El cambio al que aspiramos se opone al modelo, a la lógica, a los procedimientos, a las ejecutorias del Estado terrorista. Por lo tanto, no debe ser creado para realizar una vendetta, para convertirse en una entidad que persiga a los ciudadanos que han apoyado o apoyan a Chávez, a Maduro o que son parte del Partido Socialista Unido de Venezuela (PSUV), o de otras organizaciones que forman parte de la órbita del régimen.
Lo ha dicho de forma reiterada, Edmundo González Urrutia: la política debe ser de reconciliación, de restitución de libertades para el libre ejercicio político. A nadie se debe perseguir o estigmatizar por su posición política. Y en la Venezuela que viene, el chavismo, en sus distintas variantes, debe tener un espacio propio y legítimo, como cualquier otra corriente ideológica o del ejercicio político.
Esto que he dicho hasta aquí, parece obvio, pero no lo es. Y no lo es porque en el conjunto de seguidores del régimen hay delincuentes, una minoría que, de forma sistemática y haciendo uso abusivo de su poder, de sus relaciones y con la abierta complicidad de ciertas autoridades, han cometido delitos, algunos de ellos especialmente graves.

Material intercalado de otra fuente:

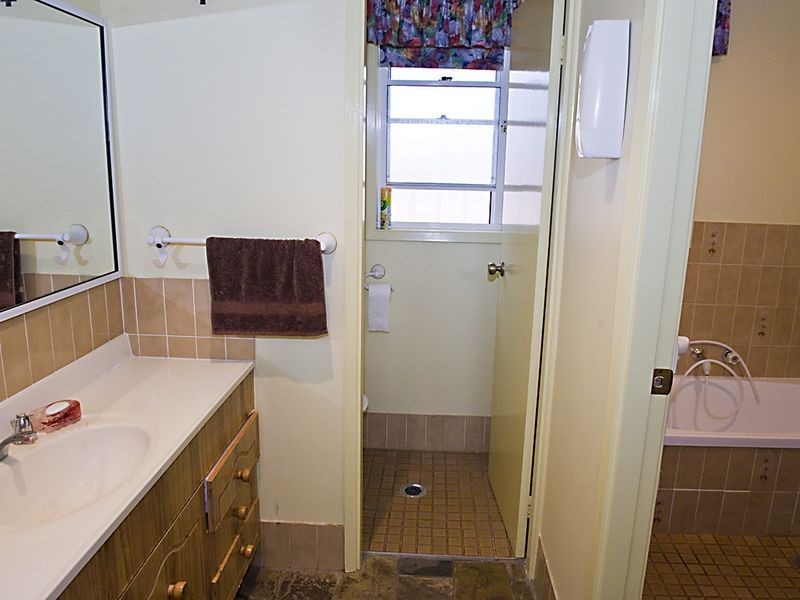 11 Anglevale Road, Edensor Park NSW 2176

Parece muy claro decir: sólo se castigarán a los que hayan cometido delitos y no más.
Sin embargo, se trata de realidades y decisiones muy complejas, que no se limitan a juristas, jueces, autoridades y expertos.
La experiencia acumulada en los países de Europa del Este o en América del Sur, que transitaron de dictaduras a modelos democráticos, nos recuerda que, a pesar de que el tema de la justicia transicional (o del perdón político, en una perspectiva histórica de mayor alcance), apenas había sido debatido antes de que el cambio político se produjera, cuando el nuevo poder se instauró, de inmediato comenzó una controversia, la mayoría de las veces en forma de agrias denuncias, de posiciones extremas, con tendencia a las generalizaciones.

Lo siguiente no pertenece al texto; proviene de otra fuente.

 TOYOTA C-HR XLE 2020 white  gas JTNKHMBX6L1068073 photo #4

Es decir, la materia se convirtió en un hervidero de advertencias y exageraciones, afirmaciones irreales, y hasta de rumores e infundios.

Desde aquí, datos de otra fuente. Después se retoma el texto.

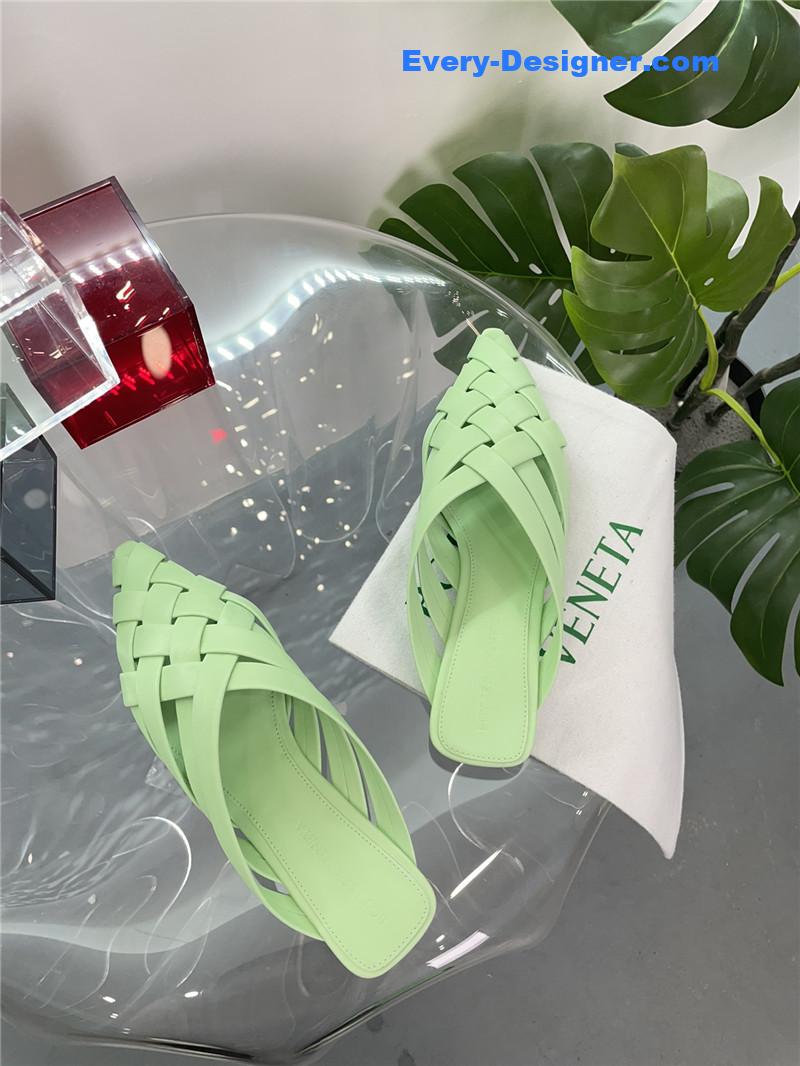 b0tt*ga Ven*ta square toe flat woven slides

¿Qué nos dicen esas experiencias? Que los términos de la justicia transicional deben debatirse desde ahora. No debería dejarse para después, cuando será innecesariamente tarde.
Hay que fomentar la comprensión de lo que significa la justicia transicional, con sus múltiples complejidades. Hay que reivindicar el valor y los principios del Estado de Derecho.
Hay que hacer campañas que expliquen lo pernicioso de las generalizaciones. Hay que fomentar el respeto a las diferencias políticas.
Pero todavía hay una cuestión fundamental que no puede olvidarse ni posponerse: en el debate público sobre la justicia transicional deben participar las víctimas y sus familiares. Hay que escuchar sus testimonios y demandas.
Y producto de ese intercambio tendrá que surgir, necesariamente, una especie de Programa Nacional de Reparaciones a las Víctimas, reparaciones que deben ser económicas, legales, sociales, sanitarias, sicológicas y también simbólicas.
Al Estado terrorista debe seguirle un Estado reparador. Y ese Estado reparador debe promover una mentalidad política, fundamentada en la tradición milenaria del Occidente judeocristiano: que el más importante motor del perdón, en todas sus dimensiones, es el arrepentimiento.